Next-generation packet-processing line cards will need large amounts of memory with very high bandwidth. Such cards could pack 50 Mbytes of high-performance SRAM in addition to 500 Mbytes or more of fast DRAM. Beyond the memory, the line cards will usually include various packet-handling functions that could require 5 Mgates or more of logic.
To meet the system performance objectives, yet ensure that the cards won't dissipate more than 150 W (the typical power limit that the card rack can supply for each card), designers have to optimize the memory subsystems. This must be treated as a top design priority—with careful evaluation of how to implement various memory blocks. These can be off- or on-chip (embedded), and they're generally composed of SRAM, DRAM, or content-addressable memory (CAM). Designers must consider the subtle tradeoffs involved with capacity, memory type, bus width, latency, permanency, power consumption, cost, and other factors. A thorough analysis of memory tradeoffs at the very outset of card design will drive optimal partitioning and most efficient use of the system logic.
In a line card, there are often four distinct applications that require memory: packet handling, header handling, routing-table lookups, and program storage. Past generations of line cards for slower network data rates could satisfy most of those tasks with external SRAM and DRAM. Discrete DRAM remains the best choice for packet buffers, which tend to be large (from 32 to 500 Mbytes), and has to provide high bandwidth, as wire speeds increase. Header memory is usually in the 4-Mbit range and, like the packet buffer, has low permanency, because it's immediately related to the packet stream.

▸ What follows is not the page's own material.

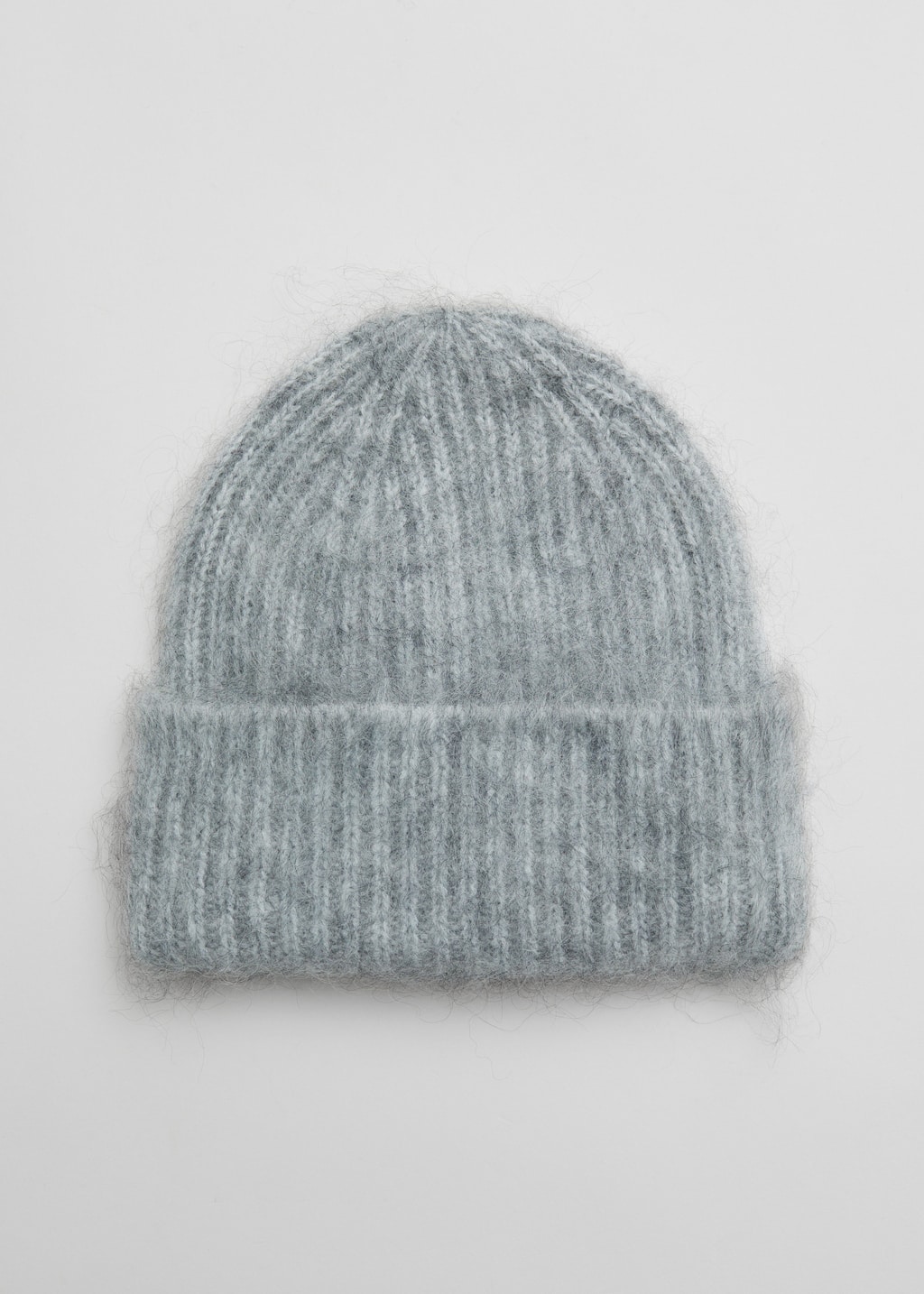 BrushedMohair-BlendBeanie – Szary – Martwa natura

The routing-table lookup memory typically is larger than 4 Mbits, and it must allow very fast access and have a short cycle time. It also has a much higher permanency. Plus, most previous-generation line cards are implemented with SRAM or CAM. New high-performance SRAMs that lack bus-turnaround penalties offer data transfer speeds of 400 to 500 Mbits/pin. Therefore, they're well suited when off-chip lookup tables or other fast-access memories are necessary. For the large buffer memories, reduced-latency DRAMs and such devices as the fast-column DRAMs would be well suited to form the large buffer memories. Finally, the program memory for network processors has high permanency, and it's normally not larger than 8 kwords. Flash or standard SRAM would probably serve well in this portion of the line-card application.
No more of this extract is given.